PROBLEM DETAILS — Begin at the line below that has "IMG_4190.JPG - That's". Stop after the line that has "Cardinal race background", repeating each line exactly and leaving out the pictures.
BEGIN PROVIDED DATA
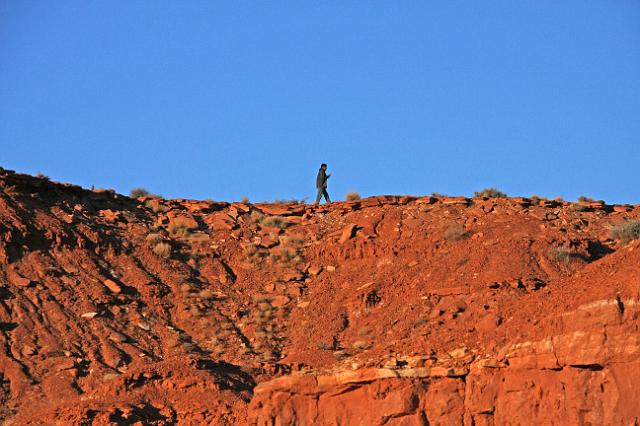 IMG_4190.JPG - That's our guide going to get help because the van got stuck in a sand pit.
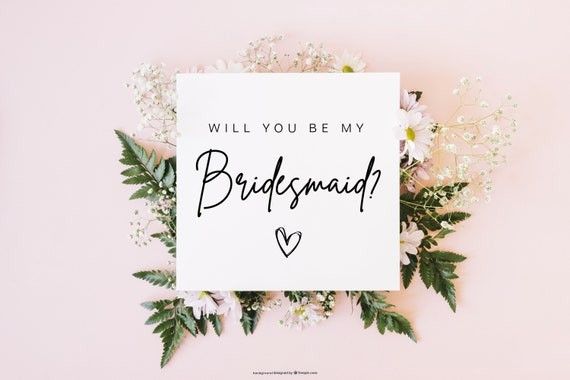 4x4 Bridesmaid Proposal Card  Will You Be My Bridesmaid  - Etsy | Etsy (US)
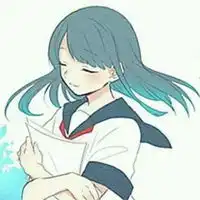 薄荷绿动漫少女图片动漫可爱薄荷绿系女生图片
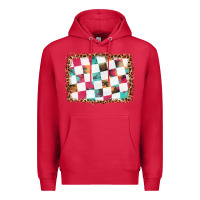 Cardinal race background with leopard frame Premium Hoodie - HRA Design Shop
END PROVIDED DATA
BEGIN PROVIDED DATA
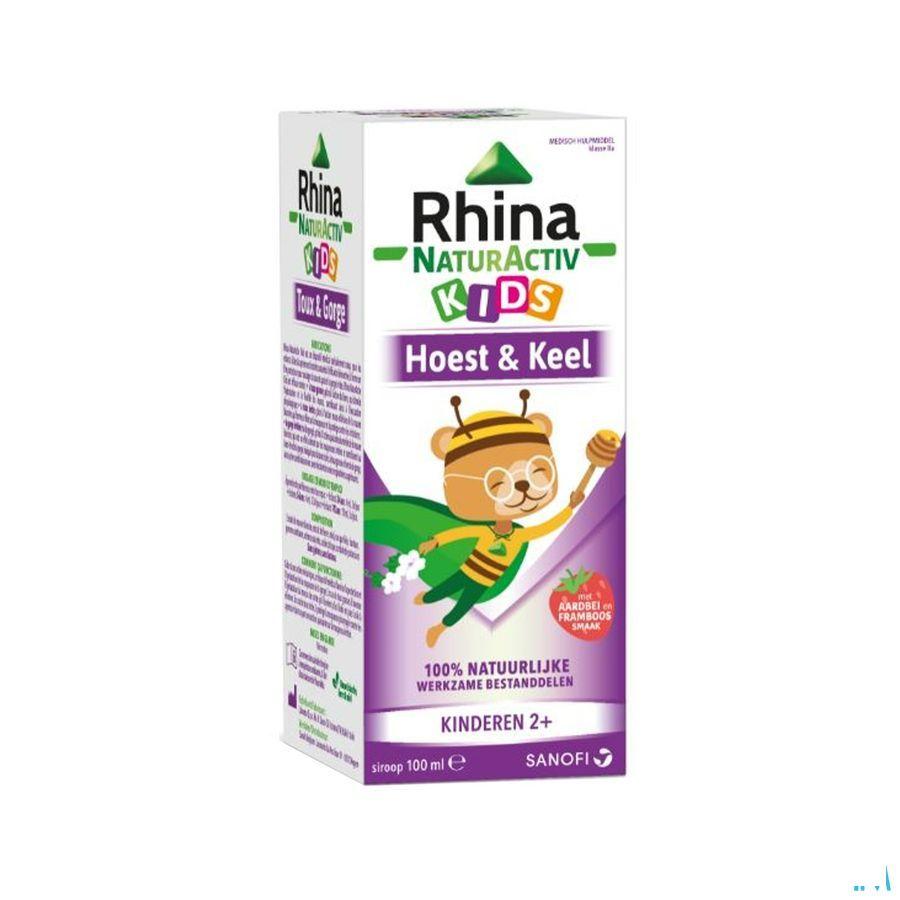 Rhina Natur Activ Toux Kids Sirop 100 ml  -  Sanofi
END PROVIDED DATA
WRITTEN ANSWER —
 IMG_4190.JPG - That's our guide going to get help because the van got stuck in a sand pit.
 4x4 Bridesmaid Proposal Card  Will You Be My Bridesmaid  - Etsy | Etsy (US)
 薄荷绿动漫少女图片动漫可爱薄荷绿系女生图片
 Cardinal race background with leopard frame Premium Hoodie - HRA Design Shop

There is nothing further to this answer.